MySQL Bugs: #769: Newer Versions of MySQL cannot RESTORE tables BACKUP'ed with older ones

Bug #769	Newer Versions of MySQL cannot RESTORE tables BACKUP'ed with older ones
Submitted:	1 Jul 2003 3:04	Modified:	1 Jul 2003 14:16
Reporter:	Sergei Kulakov (Candidate Quality Contributor)	Email Updates:
Status:	Not a Bug	Impact on me:	None
Category:	MySQL Server: MyISAM storage engine	Severity:	S3 (Non-critical)
Version:	3.23.51+	OS:	FreeBSD (Free BSD)
Assigned to:		CPU Architecture:	Any

Description:
Good day.

We upgraded MySQL from 3.23.38 and 3.23.51 to 3.23.56 on the two of our
servers. Then I tried to RESTORE a table that I had BACKUP'ed with the older
version and got the following errors:

repair info Duplicate key 2 for record at 114416 against new record at
114260
restore status Operation failed

How to repeat:
1. Download http://www.rlsnet.ru/Pages.zip (227.8K) which contains the
backed up table "Pages"
2. Unpack Pages.zip to any directory
3. Execute "Restore Table Pages From 'The-Directory' "
with a newer version of MySQL 3.23.branch (3.23.51+)

Suggested fix:
I had the problem before and I guess I know the reason. The backed up table
"Pages" stores requests and referrers from webserver's access_log's and,
for the liberal nature of the Internet, there is some garbage in it. That is the names of the pages may contain
nonprintable characters. But the table has a unique index, and the garbage
characters look unique for one version (the old) and they look duplicates
for the other (the new).
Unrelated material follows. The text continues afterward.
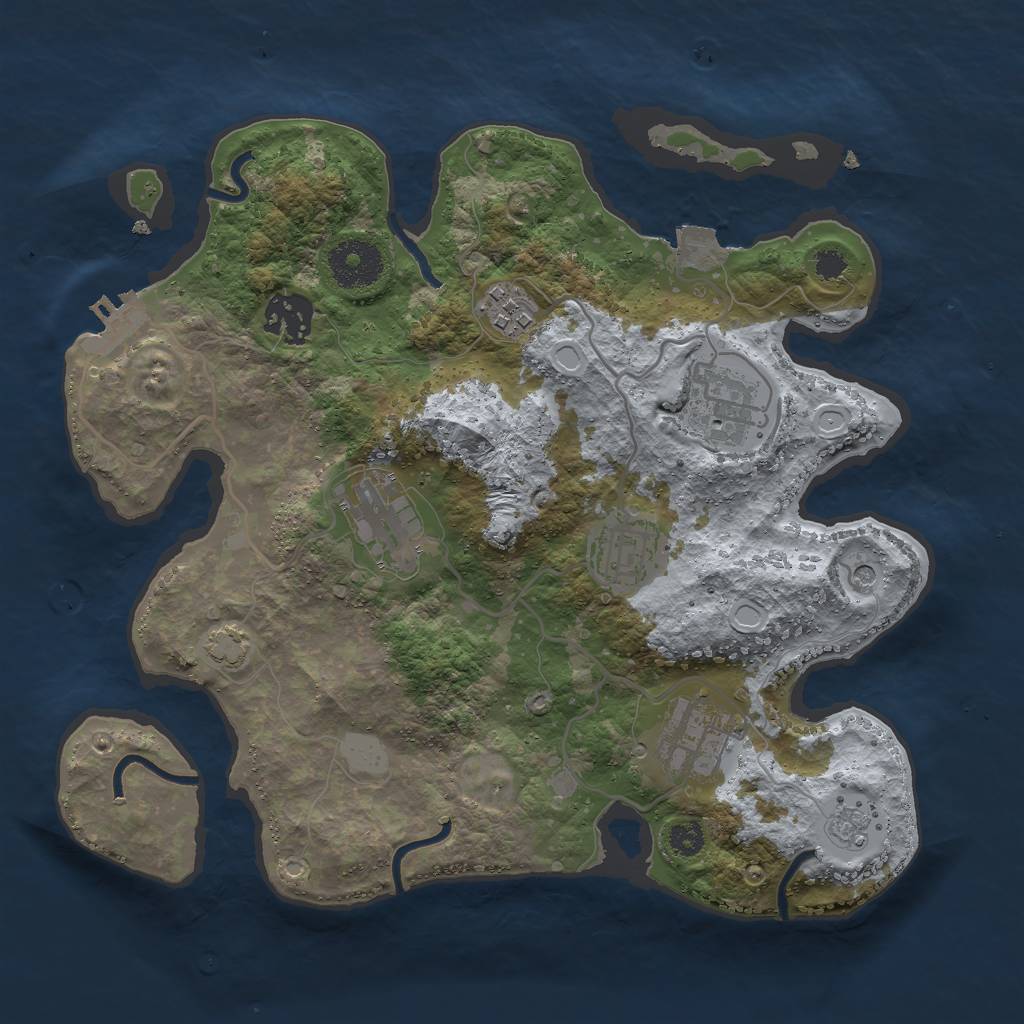 Rust Map: Procedural Map, Size: 3000, Seed: 2096269270, 13 Monuments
I guess the reason of the change is that some
codes in the files that describe character sets have changed.

Of course, it was out task to prevent the garbage from getting into the
table but the situation when you just can't restore a table that worked well
with an older version is quite surprising as well. My suggestion is that the
command RESTORE would get an option saying that it should somehow ignore
duplicates or even ignore some or all indices (indexes) of the restored
table, just to let the table data be restored in ANY POSSIBLE WAY - after it gets restored, duplicates can be removed and indices can be added.

Yes, it's a charset issue. I can't really think of anything in MySQL to fix it (until 4.1, from where on 
character set info will be stored in the table), but I was able to recover your table with the following 
(I admit it, a really hacky) procedure:

 * copied the Pages.frm and Pages.MYI into a "test" dir under MySQL data dir
 * ran "REPAIR TABLE test.Pages USE_FRM";

This recovered 18369 rows, and reported that 22 went missing due to violating constraints.
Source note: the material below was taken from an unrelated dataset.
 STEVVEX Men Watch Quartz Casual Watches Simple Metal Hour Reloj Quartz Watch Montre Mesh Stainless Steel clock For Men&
 * did "SHOW CREATE TABLE Pages"
 * copied the definition and created Pages2 with the exact same structure
   minus the constraints
 * did "FLUSH TABLES"
 * copied the _original_ Pages.MYD over Pages2.MYD and removed Pages2.MYI
 * ran "REPAIR TABLE test.Pages2 USE_FRM"

This resulted in 18391 rows - 18369+22, which should be the correct amount. It was important 
that I copied the ORIGINAL Pages.MYD from the .zip file, not the one from the same data directory, 
since the 22 violating rows had been removed from there.

[The author of the report, Kulakov Sergey]

Thanks for doing the hacky procedure. Later I found that I complained wrong - actually even though MySQL reports the error it DOES restore the table, but then it should be REPAIR'ed - I got 18390 records  that's I lost 1 (the one that caused the error) but I don't care - it's garbage. 

Also, it would probably easier to recover the data by temporarily substituting the character set file with the one from the older version or even manually editing it to make all characters with codes 0-31 distinct for sorting. 

I just want to add that "SELECT * INTO OUTFILE/LOAD DATA FROM FILE" are a bit slower yet more stable and flexible - when you have a text file you can do all you want and the FRM/MYD files are always a black box. Luckily, this time we had a copy of the table on the other server.